128 S.E. 759, 160 Ga. 570, 1925 Ga. LEXIS 211
CourtSupreme Court of Georgia
DecidedJune 24, 1925
DocketNo. 4240
StatusPublished
Cited by7 cases

This text of 128 S.E. 759 (Wallace v. State) is published on Counsel Stack Legal Research, covering Supreme Court of Georgia primary law. Counsel Stack provides free access to over 12 million legal documents including statutes, case law, regulations, and constitutions.

Bluebook
Wallace v. State, 128 S.E. 759, 160 Ga. 570, 1925 Ga. LEXIS 211 (Ga. 1925).

Opinions

Per Curiam.

We are of the opinion that the first and second question must be answered in the negative. The proceedings against respondent Wallace are based upon the provisions of [575]*575section 4897 of the Code of 1910, under which it was sought to remove him as clerk of the superior court for incapacity and misbehavior in office. The proceeding under this section, as held in Cobb v. Smith, 102 Ga. 585 (27 S. E. 763), is a quasi-criminal proceeding.
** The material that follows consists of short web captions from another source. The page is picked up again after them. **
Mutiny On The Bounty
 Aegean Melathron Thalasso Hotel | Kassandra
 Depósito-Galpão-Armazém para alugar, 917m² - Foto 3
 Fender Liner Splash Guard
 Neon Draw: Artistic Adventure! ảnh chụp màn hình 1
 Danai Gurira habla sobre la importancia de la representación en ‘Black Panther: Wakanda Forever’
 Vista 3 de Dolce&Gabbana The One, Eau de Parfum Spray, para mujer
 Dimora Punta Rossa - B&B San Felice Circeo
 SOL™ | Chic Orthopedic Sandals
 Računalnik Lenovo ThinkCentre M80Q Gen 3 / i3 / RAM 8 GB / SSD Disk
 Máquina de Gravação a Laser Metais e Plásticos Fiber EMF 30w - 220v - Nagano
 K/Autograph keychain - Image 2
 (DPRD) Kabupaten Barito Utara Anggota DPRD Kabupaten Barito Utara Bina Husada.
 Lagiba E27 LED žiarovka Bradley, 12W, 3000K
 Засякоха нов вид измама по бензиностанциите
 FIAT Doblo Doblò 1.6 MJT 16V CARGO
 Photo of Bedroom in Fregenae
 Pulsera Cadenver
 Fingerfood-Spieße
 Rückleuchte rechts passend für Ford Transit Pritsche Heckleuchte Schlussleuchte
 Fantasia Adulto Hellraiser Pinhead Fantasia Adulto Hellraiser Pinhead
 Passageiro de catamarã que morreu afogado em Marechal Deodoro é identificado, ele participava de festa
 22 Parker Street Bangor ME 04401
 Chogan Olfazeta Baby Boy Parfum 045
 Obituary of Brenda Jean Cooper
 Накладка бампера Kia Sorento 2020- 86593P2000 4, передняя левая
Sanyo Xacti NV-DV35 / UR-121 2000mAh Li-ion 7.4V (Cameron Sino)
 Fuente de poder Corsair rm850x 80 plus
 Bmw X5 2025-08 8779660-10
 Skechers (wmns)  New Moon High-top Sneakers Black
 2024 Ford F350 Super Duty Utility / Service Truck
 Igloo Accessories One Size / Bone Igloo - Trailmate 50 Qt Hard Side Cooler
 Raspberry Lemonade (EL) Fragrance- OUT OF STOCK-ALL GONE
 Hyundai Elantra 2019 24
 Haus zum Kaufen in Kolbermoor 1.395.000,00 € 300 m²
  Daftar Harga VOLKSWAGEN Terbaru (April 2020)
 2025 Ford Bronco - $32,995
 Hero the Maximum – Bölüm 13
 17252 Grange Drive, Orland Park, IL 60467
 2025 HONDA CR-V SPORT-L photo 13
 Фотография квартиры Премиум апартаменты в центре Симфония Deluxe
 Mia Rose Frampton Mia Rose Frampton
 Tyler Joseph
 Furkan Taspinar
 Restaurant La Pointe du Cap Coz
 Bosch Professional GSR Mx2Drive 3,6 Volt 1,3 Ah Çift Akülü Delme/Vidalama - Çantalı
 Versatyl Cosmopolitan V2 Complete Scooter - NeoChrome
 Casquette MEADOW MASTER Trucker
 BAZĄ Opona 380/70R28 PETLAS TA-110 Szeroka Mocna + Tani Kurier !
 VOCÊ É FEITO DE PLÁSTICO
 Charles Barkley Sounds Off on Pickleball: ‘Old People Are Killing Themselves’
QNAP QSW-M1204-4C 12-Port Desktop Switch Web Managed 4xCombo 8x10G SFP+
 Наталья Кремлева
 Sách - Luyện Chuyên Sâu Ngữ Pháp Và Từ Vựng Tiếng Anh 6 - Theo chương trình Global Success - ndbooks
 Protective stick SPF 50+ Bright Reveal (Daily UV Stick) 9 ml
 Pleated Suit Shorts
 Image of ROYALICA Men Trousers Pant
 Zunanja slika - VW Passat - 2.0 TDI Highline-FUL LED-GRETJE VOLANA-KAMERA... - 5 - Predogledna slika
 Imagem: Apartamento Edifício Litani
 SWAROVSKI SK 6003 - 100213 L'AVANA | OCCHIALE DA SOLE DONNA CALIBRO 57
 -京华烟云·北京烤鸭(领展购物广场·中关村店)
Consequently the statute must be given a strict construction in behalf of and favorable to the respondent, or defendant. And neither the person upon whose relation the information is filed nor the State can prosecute a writ of error. Commissioners v. Tabbott, 72 Ga. 89; Mayor v. Ethridge, 96 Ga. 326 (22 S. E. 985).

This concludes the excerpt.